“Titanic cost Berlin an estimated 4 million Reichsmarks (roughly equal to $180 million today) making it one of the most expensive films of the 20th Century.”
FOR MORE THAN a century, the RMS Titanic has been the subject of almost interminable fascination. In fact, over the years the story of how the supposedly “unsinkable” ocean liner foundered in the North Atlantic on its maiden voyage has been the focus of no fewer than a dozen feature films. But perhaps the unlikeliest of cinematic portrayals of history’s most notorious maritime disaster came out of Nazi Germany at the height of World War Two.
The 1943 film was the brainchild of Hitler’s own propaganda minister, Joseph Goebbels.
Of course Goebbels’ Titanic featured all the classic elements of the story: the ship putting to sea without enough lifeboats; the skipper, Edward J. Smith, ordering engines to full speed despite the warnings of icebergs; the officers and crew ushering the wealthiest passengers to safety leaving hundreds of steerage-class ticket-holders to perish. It’s all in there.
But the chief Nazi spin-doctor also saw the disaster as fertile ground upon which to fashion a narrative of British greed, hubris and folly.
The villains in the Third Reich’s rendition include everyone from crooked White Star Liner execs and incompetent officers who put thousands in peril by their desire to break speed records to haughty English first-class passengers who cravenly stampede for the lifeboats at the first sign of trouble.
Of course, the heroes and heroines of the film all just happen to be German — not the least of which is the fictional protagonist, a dashing first officer named Petersen who leaps into action when disaster strikes. Backing him up is an assortment of wholesome Volksdeutsche–type passengers who do their utmost during the crisis, while others scurry to save themselves.
Titanic cost Berlin an estimated 4 million Reichsmarks (roughly $180 million today) making it one of the most expensive films of the 20th Century. In fact, the movie’s final bill was proportionally greater than the price tag of the real life ship RMS Titanic, which would cost about $174 million in 2017 currency.
The movie also featured an all-star cast complete with hundreds of extras, including a number of officers and sailors of the actual Kriegsmarine. It was shot on location in the Baltic port of Gdynia, Poland using one of the largest ocean liners of Weimar Germany as the set: the SS Cap Arcona. Ironically, this stand-in ship was herself lost in the closing days of World War Two after being attacked by Allied warplanes. Tragically, the stricken vessel was carrying 5,000 concentration camp inmates and POWs.
Production of Titanic, which took place in the summer of 1942, was plagued with difficulties, not the least of which was Allied bombing raids on port facilities near the filming locations. And the problems didn’t end there. The German naval officers who acted as the movie’s technical advisors spent much of their time on set romancing the female cast members, something that drove the director, Herbert Selpin, to distraction.

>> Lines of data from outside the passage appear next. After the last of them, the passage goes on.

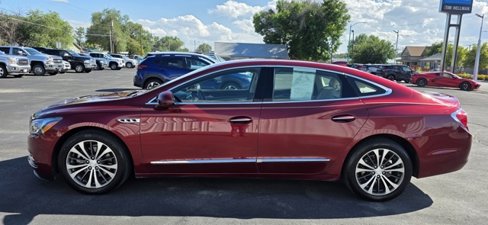 Used 2017 Buick LaCrosse Premium w/ Sights and Sounds Package image 4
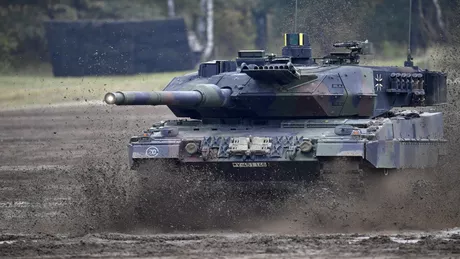 Premierul Antonio Costa anunță că Portugalia va trimite tancuri Leopard 2 Ucrainei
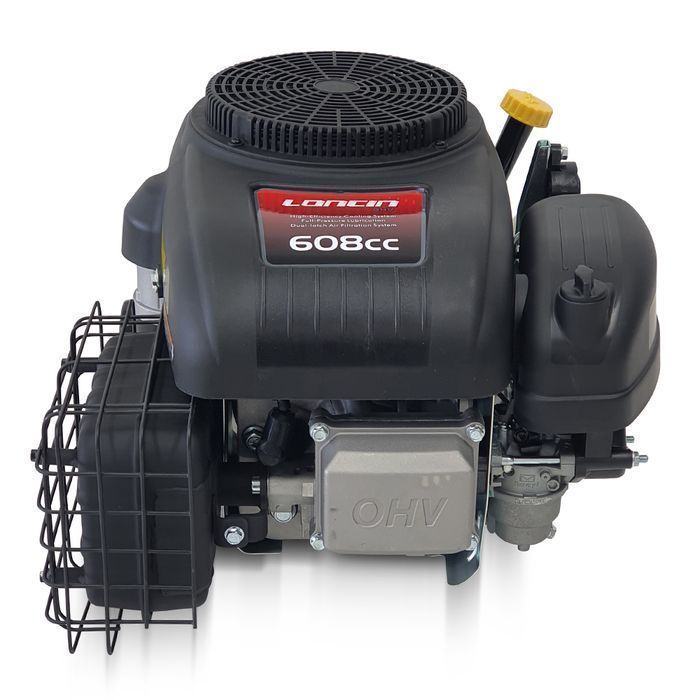 Silnik Loncin Lc1P96F Do Traktorka Spalinowy Benzynowy 1P96 20Km 608Cm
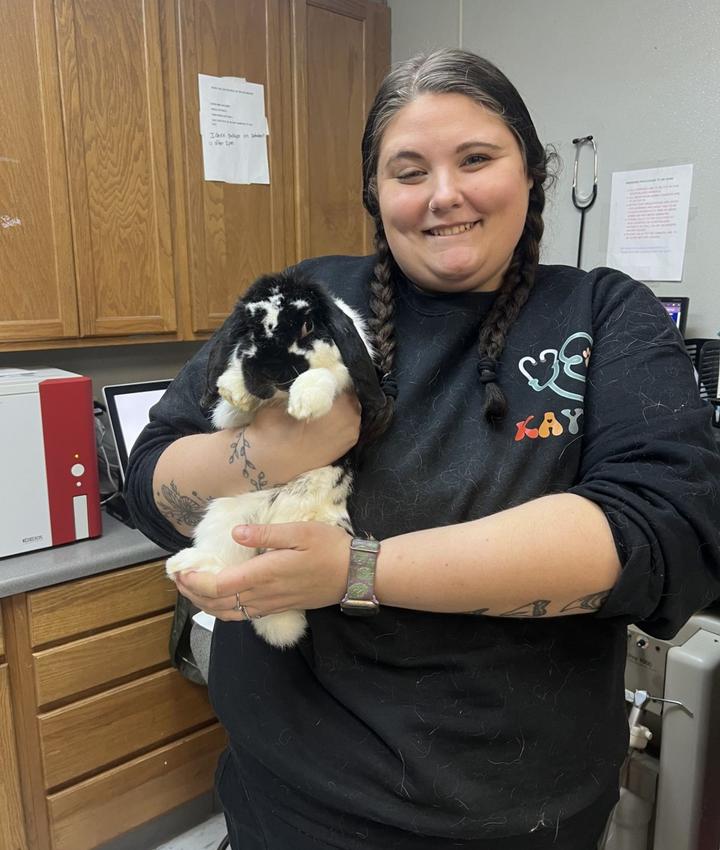 Portrait of Kaytie Plyler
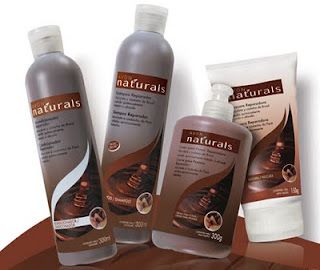Avon Naturals Chocolate e Castanha do Pará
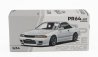 Pop-race-limited Nissan Skyline Gt-r (r32) Coupe 1989 1:64 Bílá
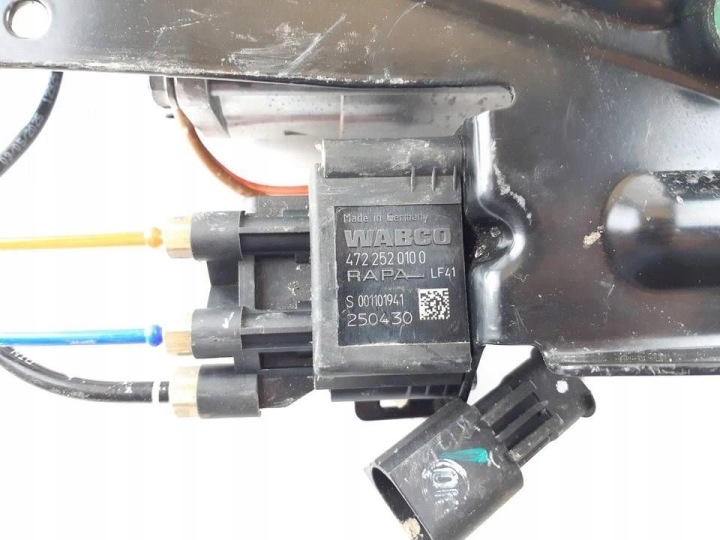 BMW G26 I4 COMPRESSEUR SUSPENSIONS 6894450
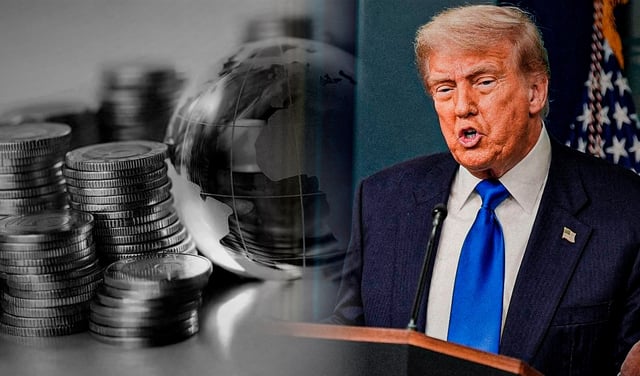 OCDE mejora proyecciones de crecimiento mundial, pero alerta que aranceles de Trump podrían frenarlo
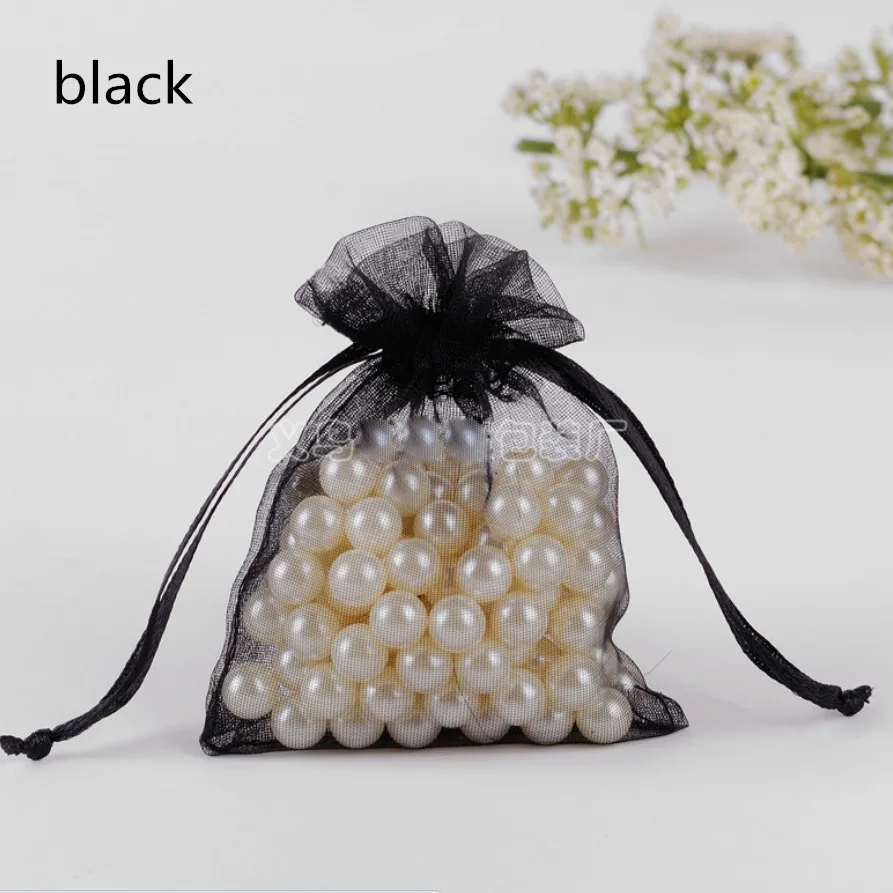 30 шт. подарочные пакеты для ювелирных изделий 10 х15 см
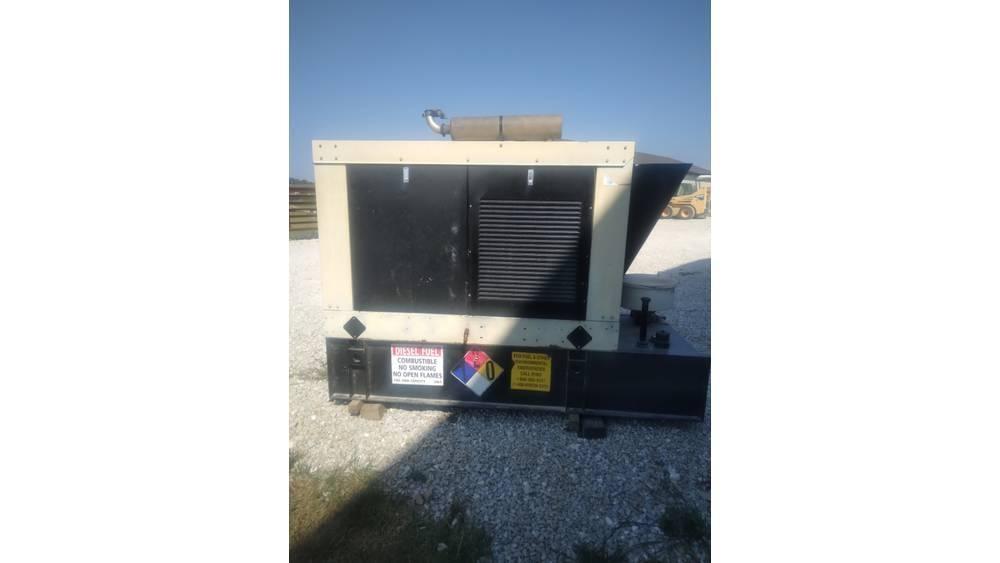 John Deere 3029T Diiselgeneraatorid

During one heated blowout, the 38-year-old filmmaker launched into tirade blaming the project’s many problems on the military and even the Nazi regime itself. He was subsequently denounced by the movie’s screenwriter and arrested. After refusing to atone to for his outburst, Selpin was later found hanging in his cell by his own suspenders in an apparent suicide. It was widely rumoured in the German film community that Gestapo agents, acting on Goebbels’ personal orders, strangled Selpin and then strung up his corpse. A new director was assigned to the project and the film was completed and ready for release in November, 1943.
Amazingly, the Nazi Titanic would never be seen by German audiences, at least not in wartime. After a premiere in Paris, Berlin suddenly had second thoughts about the film and banned it before it went into general release. Third Reich officials felt the dark visuals of civilians dying by the hundreds in the darkness might upset German audiences, many of whom faced the nightly horrors of Allied bombings. Instead, Nazi filmmakers spent the rest of the war shooting more uplifting tales to rally flagging spirits on the home front.
Titanic would only find mass audiences as a bizarre propaganda artifact of World War Two. The movie was screened as such in the Communist Bloc throughout the 1950s. Later, British filmmakers recycled some of its footage for the landmark 1958 epic A Night To Remember, supposedly the definitive movie on the sinking until James Cameron’s 1997 epic. The Nazi Titanic would reappear in its entirety as a home video release in Germany in 1992 and then as a remastered DVD in 2005.
Ironically, the picture made its biggest splash in 2012 for the 100th anniversary of the actual sinking when the British Film Institute organized a screening in London as part of a larger festival of Titanic movies.